Fall Colloquium Series - John Stauffer
Free and open to the public. Food and refreshments will be served.
“Black Confederates” is one of the most controversial ideas of the Civil War era and American memory more generally. Today, neo-Confederates claim that thousands of blacks loyally fought as soldiers for the South and that hundreds of thousands more served the Confederacy as laborers. These claims have become a staple among Southern heritage groups and are taught in some Southern schools. Their function is to purge the Confederacy from its association with slavery and redeem the white South from guilt over its past. In this they have been partly successful: according to a recent poll, 70% of white Southerners continue to believe that the Confederacy was motivated by states rights rather than slavery.
Academic historians, in reaction to these claims, have totally dismissed the idea that more than a handful of African Americans could have served as Confederate soldiers. To suggest otherwise, they say, is to engage in “a pattern of distortion, deception, and deceit” in the use of evidence.

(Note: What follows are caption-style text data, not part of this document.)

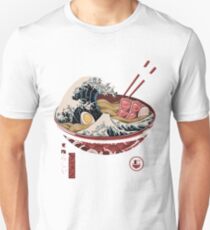Die große Ramenwelle 69 Slim Fit T-Shirt
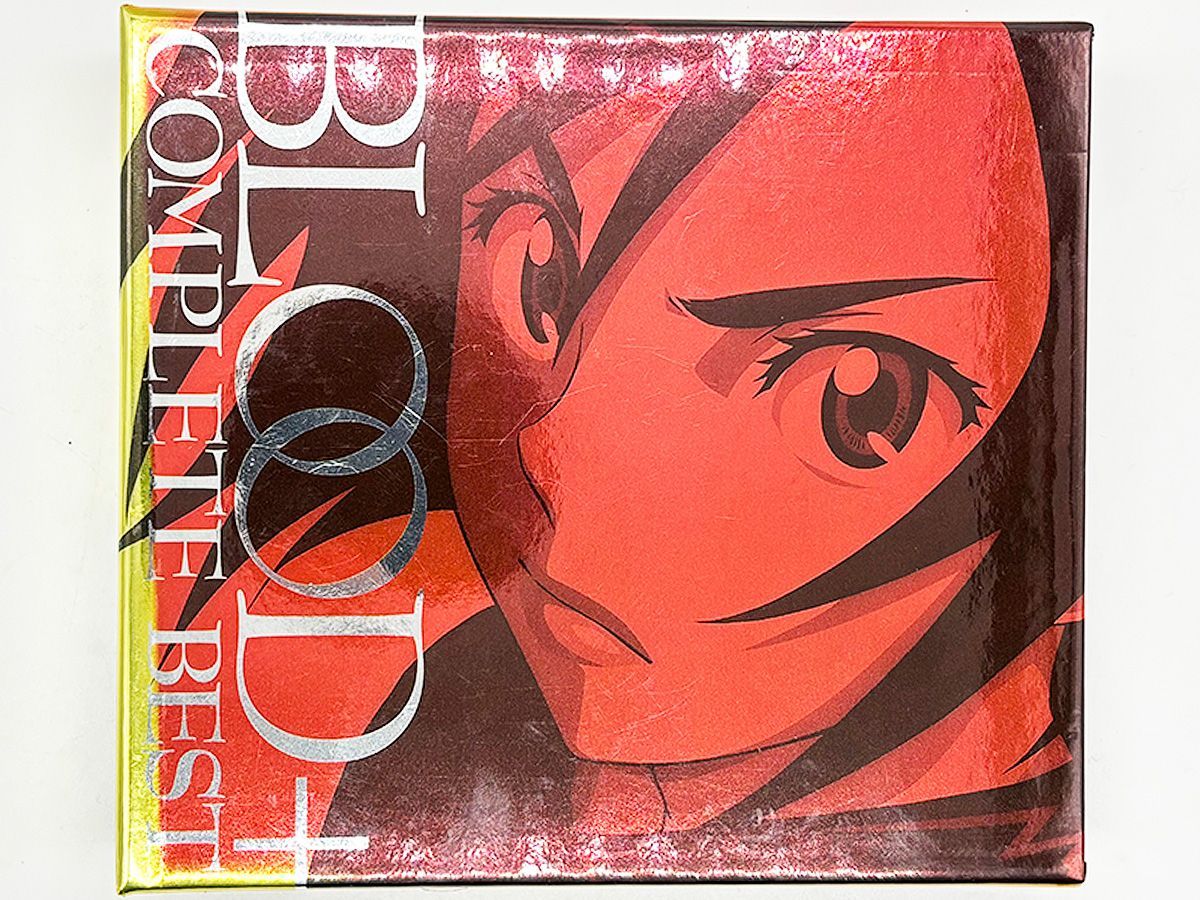 CDケース・ブックレット付属、動作確認済・送料込】BLOOD+ COMPLETE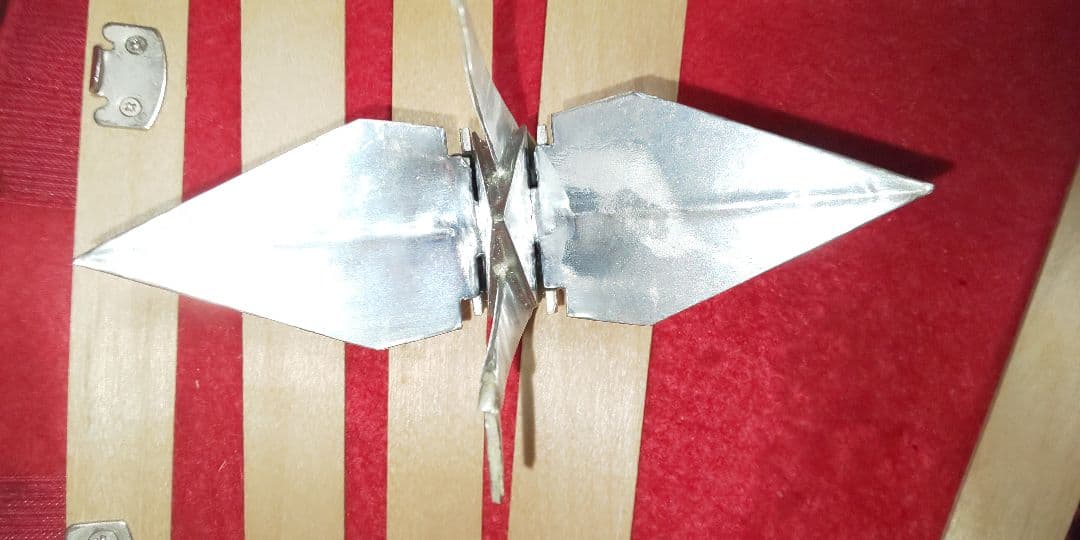 ３代目 スケバン刑事 風間三姉妹 風間結花 折鶴 羽開閉式 折鶴の結花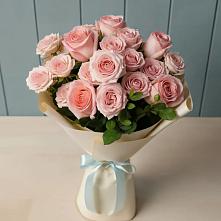 Букет Розовый шарм в Бжедугхабле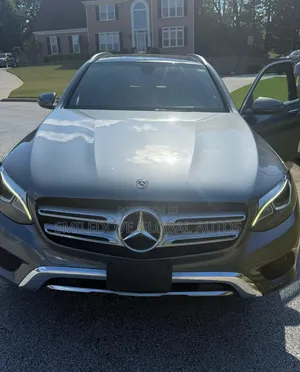 Mercedes-Benz GLC-Class 2018 Gray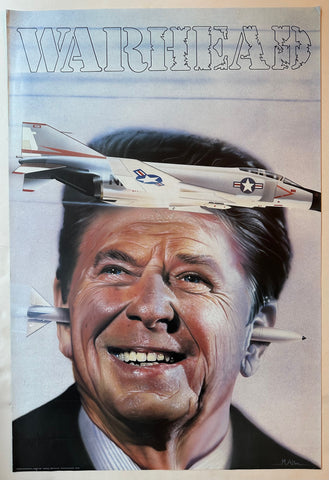 Reagan Warhead Poster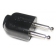 TWO PIN MICROPHONE PLUG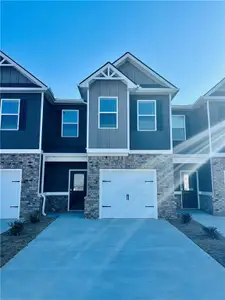 New construction Townhouse house 211 Ivey Ter, Unit 29, Temple, GA 30179 plan Jordan - Townhomes - image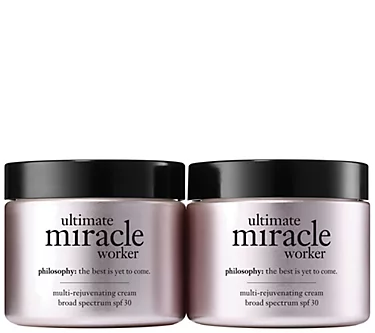 philosophy ultimate miracle worker spf 30 moisturizer duo
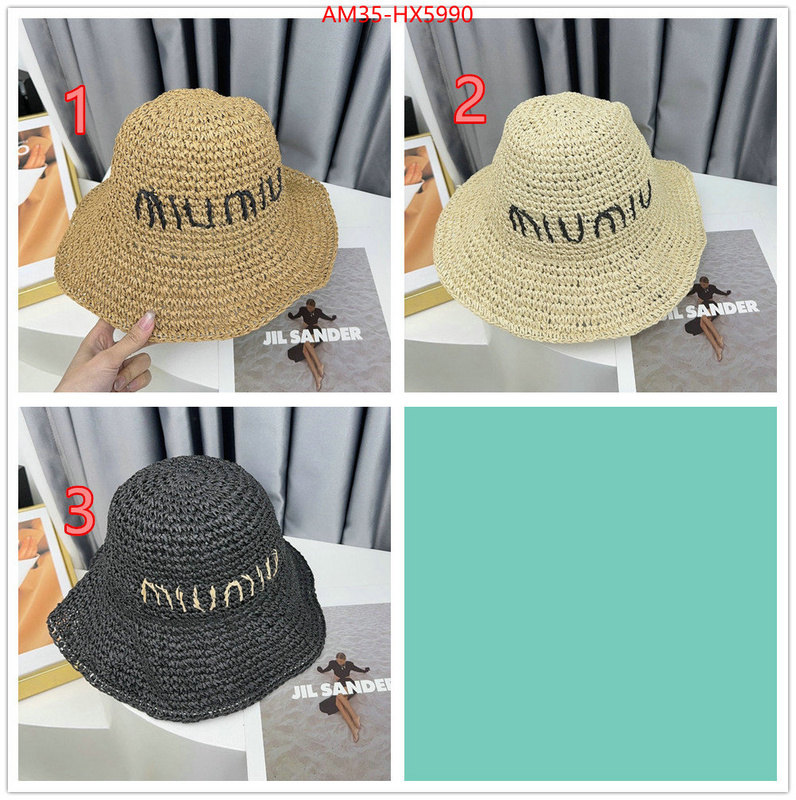 Cap(Hat)-Miu Miu the online shopping ID: HX5990 $: 35USD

But according to African Americans themselves, writing during the war, thousands of blacks did fight as soldiers for the South. In my presentation, I assess and contextualize the sources, examine case studies of blacks fighting for the Confederacy, and explain how and why it happened and how Northern black leaders understood this phenomenon. Along the way I reveal the richly diverse ways in which blacks acted on their understandings of freedom.